The Use of Mantra

 

Mantras are perhaps the most important tools for clearing and cleansing the mind. Mantra helps break up our unconscious and subconscious thought and desire patterns which keep us in bondage to past conditioning. If we observe ourselves we see that all day long there is a background chatter in the mind. It may be the repetition of some song we have heard on the radio, it may be a rehashing of some experience we have just had, an insult or argument for example, or a consideration of what we about to do, but all the time this background noise is going on. It forms the field of our thoughts and serves to drain away our energy of attention.

It is usually not possible for us to directly silence the mind. Our mind is too divided and we have too many unresolved conflicts. It is, however, always within our power to chant a mantra.

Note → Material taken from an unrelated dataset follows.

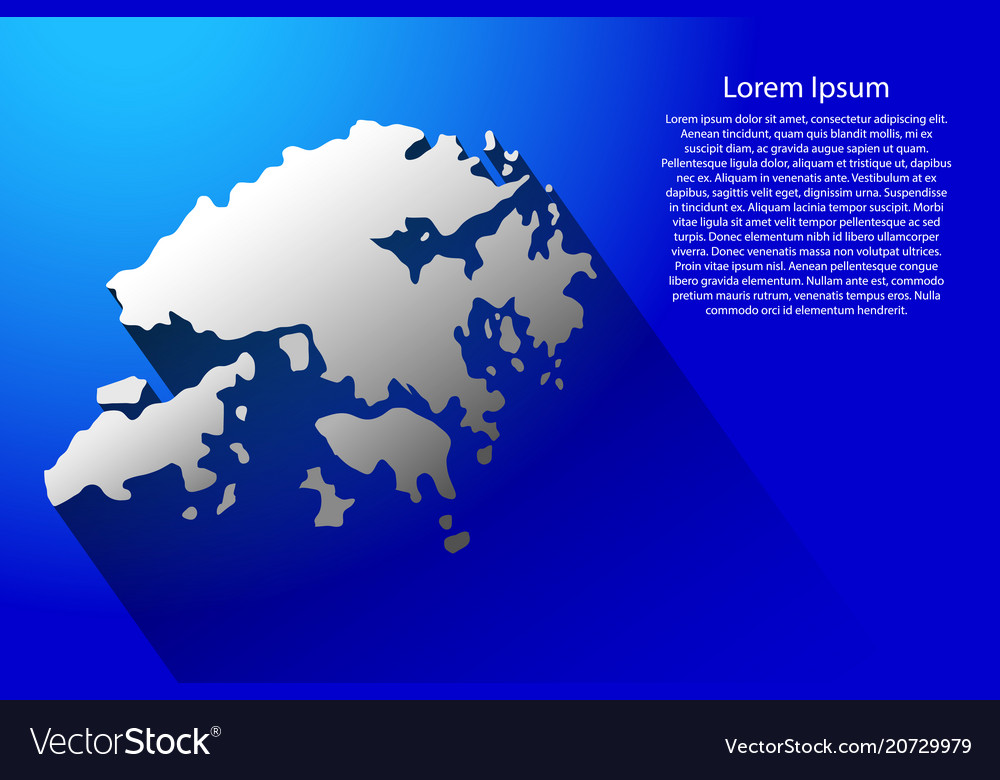 Abstract map of hong kong with long shadow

If we do this regularly, above all, if it becomes our primary mental activity, it gradually replaces this background noise of the mind. Instead of hearing an old song or childhood experience reverberating behind our surface mind, we hear the mantra; Om, Ram, Hare Krishna or whatever it may be. Our subconscious is restructured by the energy of the mantra and ceases to resist the intentions of our conscious mind to meditate. This is the right use of the mantra.

Rightly employed mantras can be used to clear negative emotions from the mind. The mantra Hum, for example, eliminates fear. The mantra Ram gives peace.

Hence, mantra is also an important part of Yoga psychology. It is the main Yogic tool for deconditioning the mind. It does not require any elaborate Psychoanalysis but only an ongoing practice. Through it we can change the structure of the mind that allows psychological problems to exist in the first place. In this way we change the nature of the mind rather than merely analyse it (which does not have the power to fundamentally change it anyway). As long as our thoughts are not mantric we are bound to have some emotional problems in life. The solution is not to study our emotions but to practice the mantra. It is the personal or egoistic energisation of the mind which causes mental suffering. The spiritual energisation of the mind through mantra is the antidote.

Mantra thus leads us to meditation and silence. It is not an end in itself to repeat a sound. Hence, we should remain open after our repetition of the mantra to that stillness of mind and learn to dwell in it. This is where the Om vibration leads us. The sound of the waves merges us back into the silent depths of the ocean.